NewsGoogle Fires New Salvo in Search Engine Size Wars

Google Fires New Salvo in Search Engine Size Wars

Google announced today that its web index has grown to more than 3 billion documents, including a complete Usenet archive dating back to 1981. The search engine is also putting a major emphasis on freshness, re-indexing several million pages on a daily basis, as well as adding links to relevant news stories for many queries.

Google announced today that its web index has grown to more than 3 billion documents, including a complete Usenet archive dating back to 1981. The search engine is also putting a major emphasis on freshness, re-indexing several million pages on a daily basis, as well as adding links to relevant news stories for many queries.

Of the 3 billion total searchable documents, 2 billion are web pages, with more than 75% of those pages fully indexed. 700 million are Usenet posts, and 330 million are images. “To search our collection of 3 billion documents by hand, it would take 5,707 years, searching twenty-four hours per day, at one minute per document,” said Larry Page, Google’s co-founder and president of Products. “With Google, it takes less than a second.”

“We’ve been pushing up the index size beyond what we’ve officially said,” said Urs HÖlzle, Google Fellow. HÖlzle added that scaling up Google’s index hasn’t required significant changes. “We’re continually monitoring quality, and haven’t actually had that many changes since the 1 billion pages announcement.”

While the enhanced web index is certainly an impressive achievement, perhaps even more noteworthy is Google’s comprehensive Usenet index of 700 million postings in more than 35,000 topical categories, with a full archive going back to 1981 — the year Usenet began.

“One of the bigger complaints in the Usenet community is that even Deja never had anything close to a full Usenet archive,” said HÖlzle. “We’ve been able to find all Usenet archives and index them” with the help of a number of individuals who maintained archives and made them available to Google, HÖlzle explained.

“The Google Groups Usenet archive reveals a detailed view into two decades of history — that’s ten years’ worth of content that existed before the birth of the web,” said Sergey Brin, Google’s co-founder and president of Technology. Google’s Usenet archive, called Google Groups, was released from beta today.

Separately, Google has been quietly testing a feature that includes links to relevant news stories with some types of queries. “When testing this new service it was very enthusiastically received,” said David Krane, Google’s Director of Corporate Communications.
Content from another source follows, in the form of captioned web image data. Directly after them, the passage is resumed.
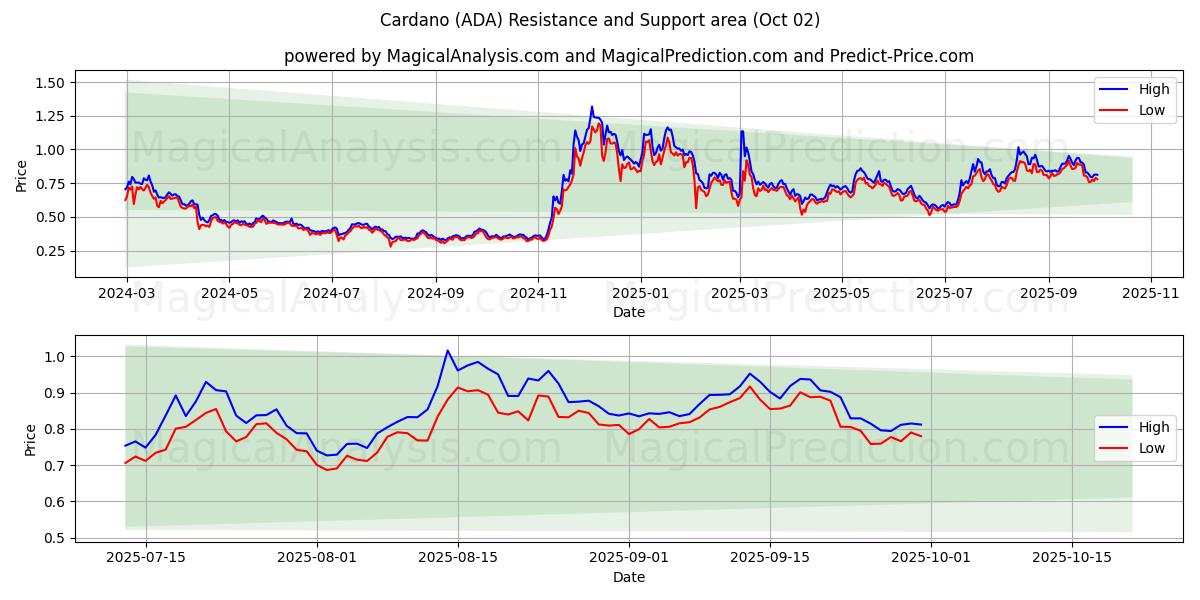  Cardano (ADA) Support and Resistance area (01 Oct) 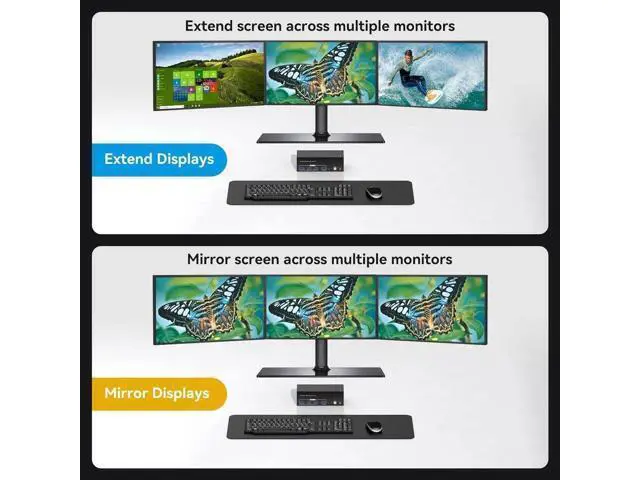 Alt view image 5 of 7 - USB 3.0 Displayport KVM Switch Triple Monitor, 8K@60Hz 2K@120Hz USB DP Extended Display Switcher for 2 Computers 3 Monitors and 4 USB 3.0 Ports, EDID Support Extended & Duplicate Mode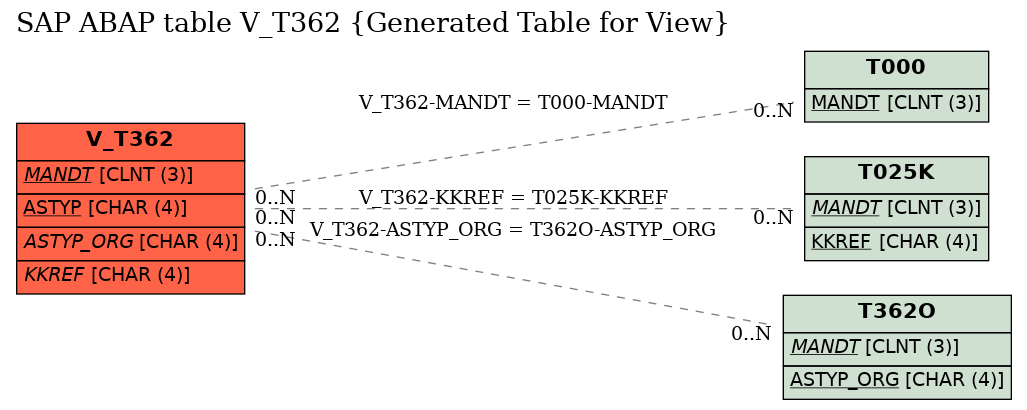 E-R Diagram for table V_T362 (Generated Table for View)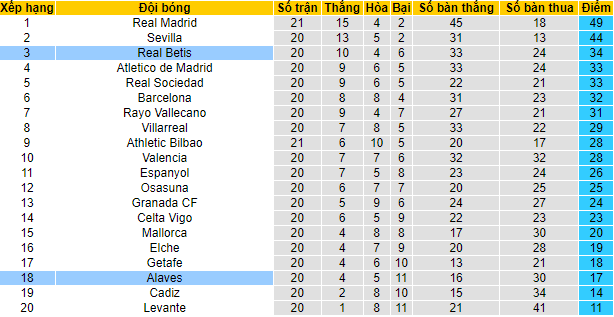 Nhận định, soi kèo Betis vs Alaves, 2h ngày 19/1 - Ảnh 4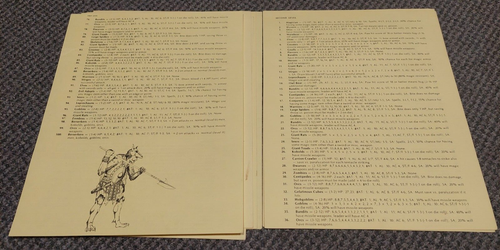 Monster & Treasure Assortment Set #1 Levels 1-3 Dungeons & Dragons TSR 9011 2nd - Picture 5 of 9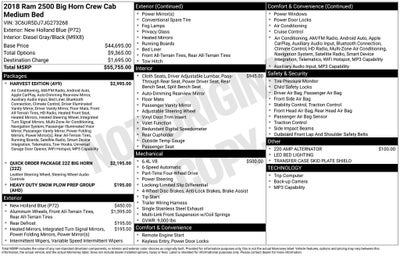 2018 RAM 2500 Big Horn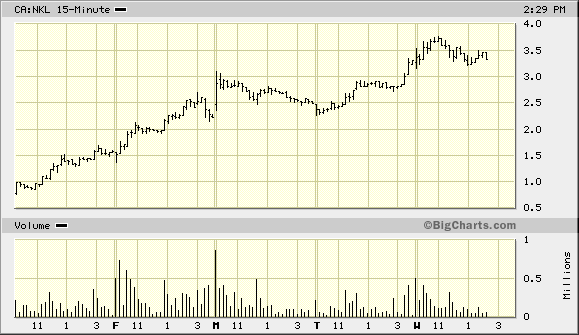 aktienanteile von ehemals prophecy res 422695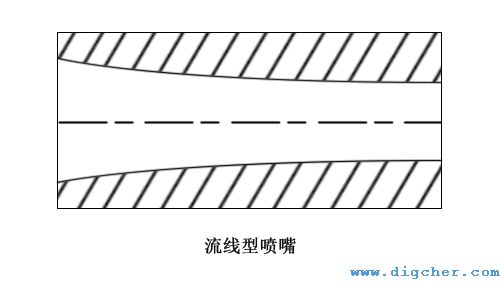 流线形喷嘴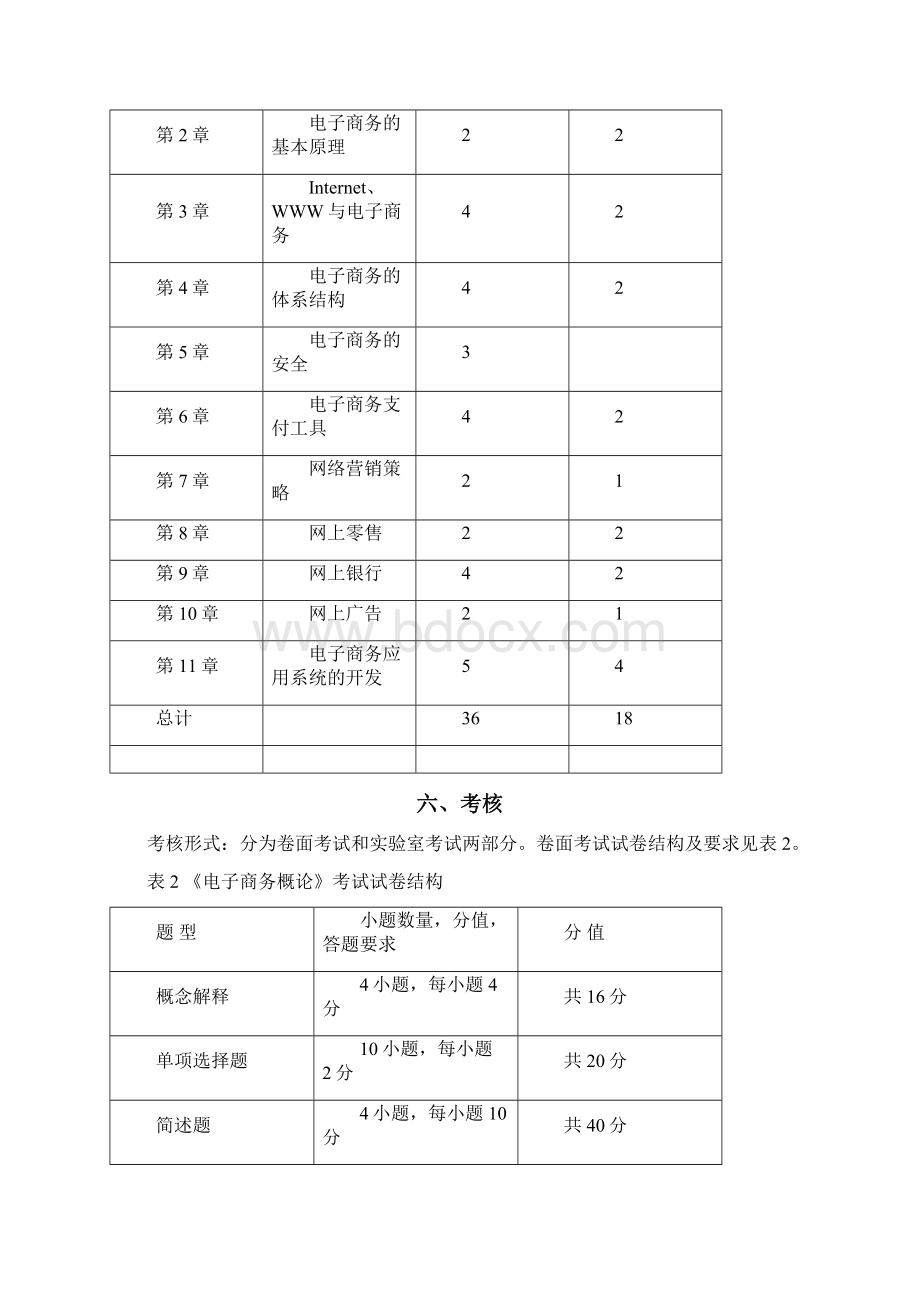 电子商务概论教学大纲Word下载.docx_第2页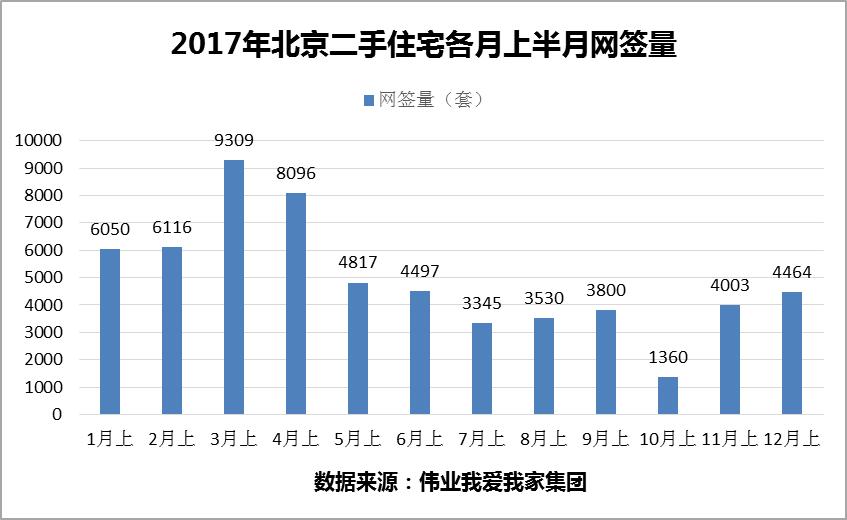 伟业我爱我家：12月上半月北京二手房网签量延续增长态势-中国网地产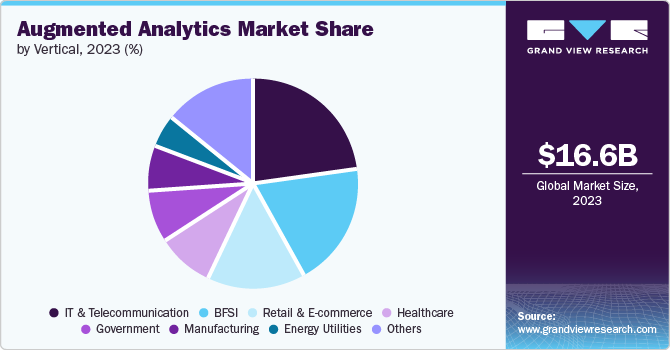 Augmented Analytics Market Share, 2023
News links, when they are found, are returned at the top of a result page. Not all queries cause news links to be displayed. “We’re trying to make the coverage better while at the same time not decreasing relevance,” said HÖlzle. “We’re also shortening time between when news happens and we have it.”

HÖlzle said that Google’s news crawler is adaptive, and can respond quickly to breaking news, making it available on Google in as little as 15 minutes after a story has been posted.

While HÖlzle declined to provide specifics about the news sources Google is crawling, he said it was “hundreds or even thousands” of sites. Most of the sources are identified automatically. “If it even remotely looks like a news site then it should be part of the search,” said HÖlzle.

News junkies are probably salivating at the prospect of a new search resource. Don’t expect a specialized news search, or a “news” tab added to Google’s home page any time soon, though. Links to news stories, when they’re served, will be treated just like other search results.

Along with adding timely news, Google is now working harder to make its index fresher. “Part of the index gets refreshed every day,” said HÖlzle. While news sites, which change frequently, are obvious candidates for daily indexing, other sites are being indexed daily as well. “They’re chosen by algorithm, not by hand. We concentrate on pages that are identified as important and relevant for updating,” said HÖlzle.

“This week, it’s on the order of 3 million, but that’s a number that should rapidly increase over time in a relatively short time frame.” HÖlzle noted that while 3 million pages are actually re-indexed each day, Google’s crawler visits many more than that looking for changes.

“We’re planning to scale this fairly rapidly over the next few months, with our goal to have unquestionably the freshest index on the web,” HÖlzle said.

Although the announcements were made today, it will take some time for the changes to take effect at all of Google’s data centers. About 50% of Google’s data centers are currently updated, will the rest scheduled to be fully updated by Friday.